Prólogo


*ALERTA DE GATILHOS: ANSIEDADE, ASSÉDIO MORAL, BRUTALIDADE, DISCURSO DE ÓDIO E CONTRA MINORIAS, MORTE, RACISMO, SANGUE E VIOLÊNCIA VERBAL.

13 de Março de 2019: Um dia antes da Lua Crescente

Somente restaram saudades.

O sino da igreja tocou de modo ininterrupto, capaz de ensurdecer qualquer pessoa curiosa e disposta a se aproximar para testemunhar. Os olhos atentos e apavorados do público ao observar aquela cena, como uma multidão ofegante e desesperada pelo sossego que com tardança regressaria, o frio e pavor na espinha similar ao doloroso arrepio de uma corrente elétrica, o estômago embrulhado por aquele momento desagradável, o suor escorrendo pelas testas em puro nervosismo, provocaram sentimentos angustiantes.

A maioria se manifestou estarrecida, ocultando as bocas com as mãos, surpresos pela tamanha coragem.

Semelhante a uma tragédia teatral aos olhos dos que de certa forma foram culpados pela imediata decisão.

O ar frio e sombrio emanou por toda a cidade, deixando a maioria da população apática e sem energia.
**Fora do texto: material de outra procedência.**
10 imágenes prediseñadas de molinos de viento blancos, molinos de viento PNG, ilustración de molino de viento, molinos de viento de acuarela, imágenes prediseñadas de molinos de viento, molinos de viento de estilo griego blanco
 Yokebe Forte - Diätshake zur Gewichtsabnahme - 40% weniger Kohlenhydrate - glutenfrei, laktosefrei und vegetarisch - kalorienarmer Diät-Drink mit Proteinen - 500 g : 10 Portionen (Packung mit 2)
Poucos bradaram na direção da figura principal e imploraram por calma ao tentar evitar que lágrimas rolassem.

O olhar daquele rapaz se manteve em emergência, porém nunca conseguiriam ver de aspecto nítido. Jamais poderiam permitir fluir em suas peles o medo de quem sustentou tamanha vulnerabilidade.

Tendo em mente, obras de fantasia que fizeram parte de sua infância, as músicas apreciadas pelas amáveis vozes femininas cantadas na frente da lareira, o perfume das colecionáveis folhas secas — belas flores no cativante jardim —, a pele reluzente da amada moça e o paladar aguçado pelo doce Gelatto¹ de chocolate com raspas de amendoim feito pelas marcantes mãos de seu saudoso pai, passaram naquela cabeça confusa prestes a tomar uma destemida e arriscada escolha.

Embora considerassem a atitude de forma covarde, não foi nada menos que um destemor movido pelo excesso de emoções.

Então ela surgiu, bem antes que pudesse se despedir, mas despontou em raios entre todos, disparada para inquietar ainda mais a alma perturbada na torre, tornando um infortúnio. Logo após todo o caos experienciado entre os falsos homens de Deus e as temerosas revelações na casa onde habita o Pai.

Mesmo que jamais fosse o objetivo, Gaya implorou à distância desejando criar asas e voar em direção à Franco, porém não teve a mesma permissão anterior.

Era tudo desigual, o céu não estava grato com os presentes, o sol se recolheu em desafio e as nuvens uniram-se em misericórdia ao lamentar pelos dois apaixonados importunados pela aflição.

Europa (Pendle - Lancashire, Inglaterra): 1347 à 1612

Mal sabiam que tudo aquilo fazia parte de uma duradoura maldição. Tão distante quanto a chegada do triunfo final.

Os últimos suspiros, os olhares assombrados e bocas entreabertas dos cidadãos apavorados, desejando arderem no lugar das antigas inocentes, tiveram uma parcela de responsabilidade sobre o que chegaria no futuro a se tornar o grande ápice dramático.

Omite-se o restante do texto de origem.